NEW YORK — In a ruling that could change the way many Americans are paid, the nation's top accounting authority is expected to decree as early as today that companies must treat employee stock options as business expenses when they are issued.
The Financial Accounting Standards Board ruling would be a defeat for Silicon Valley technology firms that have lobbied passionately against having to "expense" options by deducting their value from earnings in public financial reports.
Right now, companies can pay employees with stock options -- a sort of IOU on future growth -- without draining cash or depressing reported profits the way that ordinary salaries do. Options have been a cheap means for cash-poor, high-growth companies to attract and retain top employees.

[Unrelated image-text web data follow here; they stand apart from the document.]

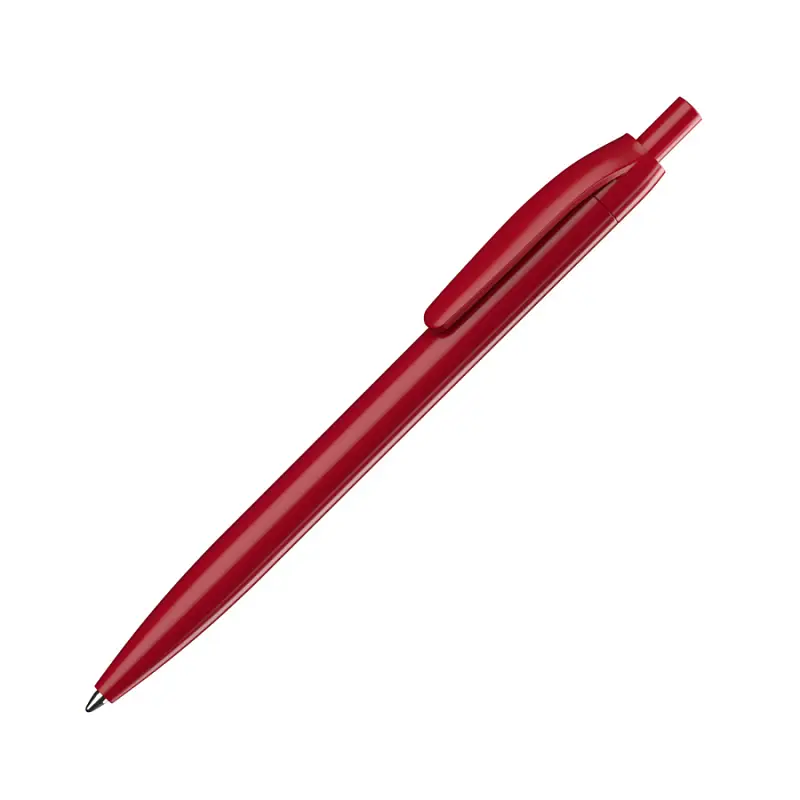 Ручка шариковая "Phil" из антибактериального пластика - 7435-4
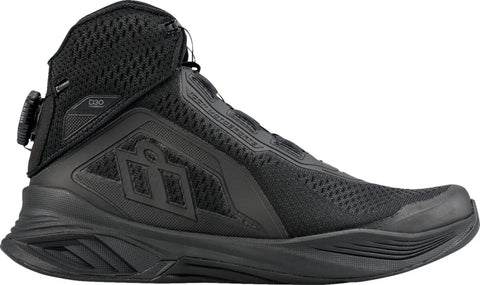 ICON Hooligan AF CE Boots Black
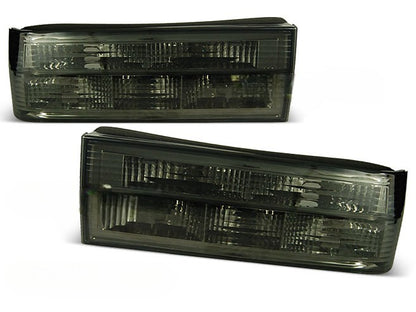 😎FARI POSTERIORI FUMO ADATTO PER BMW E30 11.82-06.94😎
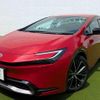 toyota prius 2023 quick_quick_6AA-MXWH60_MXWH60-4022081 image 17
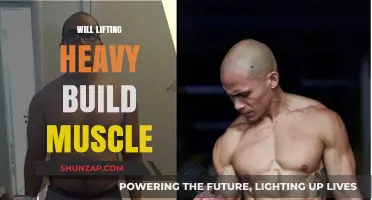 Will Lifting Heavy Build Muscle? A Comprehensive Guide to Strength Training and Muscle Growth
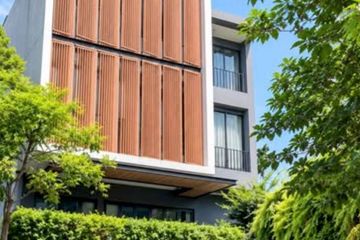 4 Bedroom House for rent in ARNA Ekamai, Phra Khanong Nuea, Bangkok near BTS Ekkamai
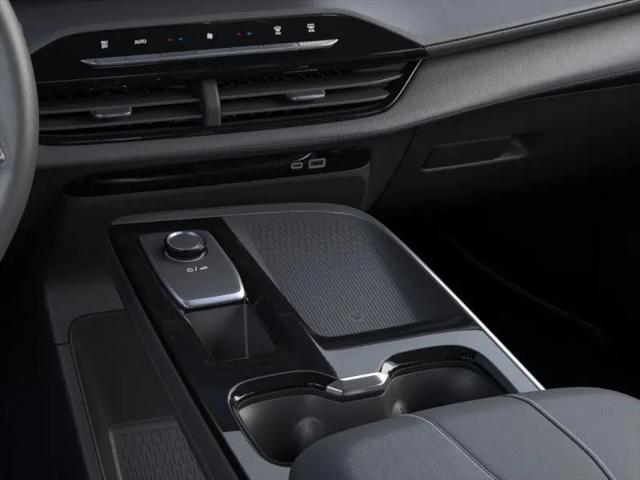 2026 Buick Enclave Sport Touring FWD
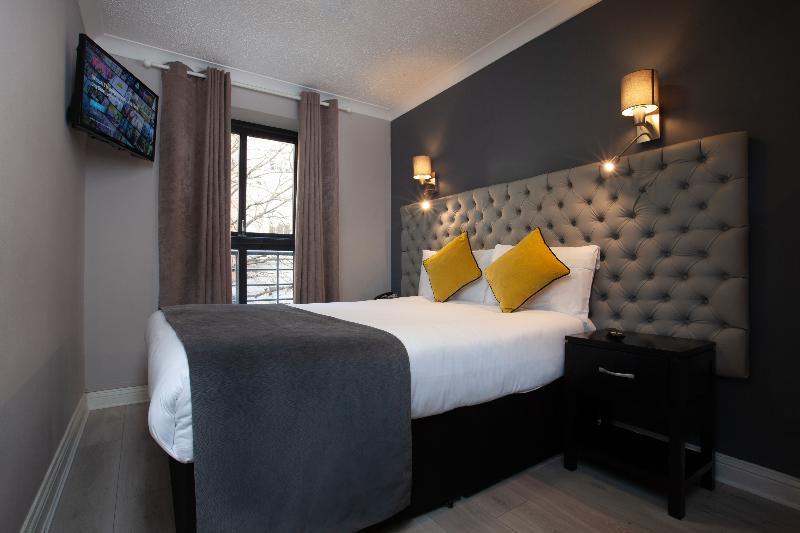 Dublin Central Inn 외부 사진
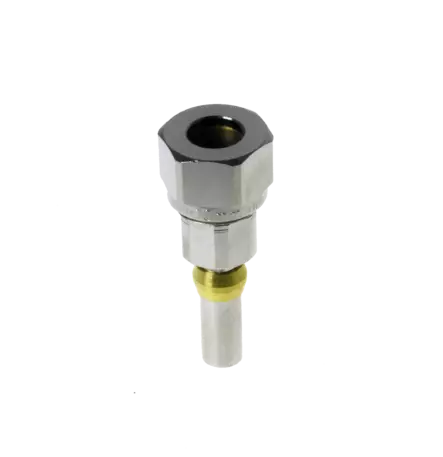 Oras 281100 -asennusliitin 2KPL 8X10mm - Puserrusliittimet - 6414150031861 - 1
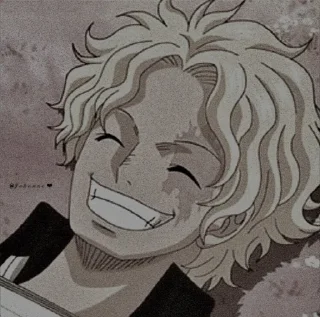 🔥 emoji Sabo :: @cylsdiarys Telegram sticker 16 of 30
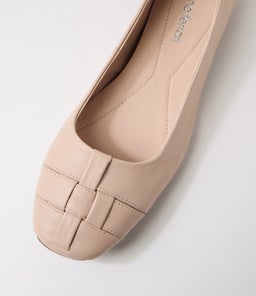 TYLAN DF STONE LEATHER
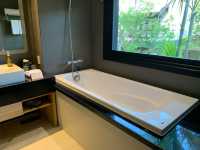 Hinode Garden View Villa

Critics contend that the way options have been accounted for on income statements is fundamentally dishonest and can no longer be tolerated in the wake of the Enron Corp. and WorldCom Inc. accounting scandals, among others.
As billionaire investor Warren E. Buffett, long an advocate of options reform, put it in a 1999 commentary: "If options aren't a form of compensation, what are they? If compensation isn't an expense, what is it? And if expenses shouldn't go into the calculation of earnings, where in the world should they go?"
The ruling would be one of the most important U.S. bookkeeping changes since 1974, when Congress passed the Employee Retirement Income Security Act, forcing corporations to back up their pension obligations with cash instead of just promises.
Before being adopted, however, the accounting board's action would have to go through a public comment period of 90 days or more, FASB spokeswoman Sheryl Thompson said, and probably would not take effect until 2005.
An option is a contract allowing the holder to buy stock at a specified price for a specified time period, typically 10 years for employee options. If the stock soars, options can create instant millionaires. That was a common phenomenon in Silicon Valley during the 1990s stock market boom, and helped inflate California's income tax revenue collections.
But options cut both ways: When the tech-stock bubble burst, many holders saw their nest eggs built with stock options shrink or even disappear. And the state government suddenly saw a decline in tax collections, contributing to the budget crisis.
The granting of lucrative options has also been a theme in the criticism of runaway compensation packages for chief executives, many of whom derive more of their income from options than from salaries.
For corporations, stock options were never exactly "free money." At some level, investors have understood that when a company awards options and its share price rises, it eventually must redeem the options either by issuing new shares -- which dilutes the ownership stake of existing investors -- or by repurchasing stock in the open market, which drains cash from the corporate treasury.
But as long as companies didn't have to recognize options as an immediate expense, the awards functioned as a "buy now, pay later" compensation plan.
"It's a tremendous tool for recruiting, motivating and incenting employees," said Kim Gibbons, a spokeswoman for San Jose-based Cisco Systems Inc. At Cisco, which opposes the FASB ruling, all employees get stock options, Gibbons said, and 80% of them are held by workers below the rank of vice president.
If forced to expense options, some companies said, they simply wouldn't provide options to as many employees as now receive them.
Expensing options "would vastly curtail the capability of small firms to offer stock options as an employee recruitment, retention and incentive tool," Karen Kerrigan, chair of a small-business advocacy group, said in remarks to a House committee this month.
David M. Blitzer, chief strategist for Standard & Poor's, estimated that the rule change would cut reported earnings for S&P 500 companies, the nation's biggest and best-known firms, by 6% or 7%. The biggest effect would be on technology firms, he said, followed by financial services companies.
It is uncertain whether a drop in reported profits would hurt companies' shares in the stock market. Blitzer thinks it could, but others on Wall Street believe that the market has had plenty of time to prepare itself.
"For a lot of our member companies, it's a big yawn," said Colleen Sayther, president of Financial Executives International in New York, an association of corporate financial officers.
Over the last two years, about 500 U.S. companies, including General Electric Co., Eastman Kodak Co. and Coca-Cola Co., have voluntarily begun treating stock options as an expense. That trend is continuing: On Monday, retail giant Circuit City Stores Inc. said it had begun to count options costs against earnings.
A number of these companies are now issuing stock to employees in place of options, with some strings attached.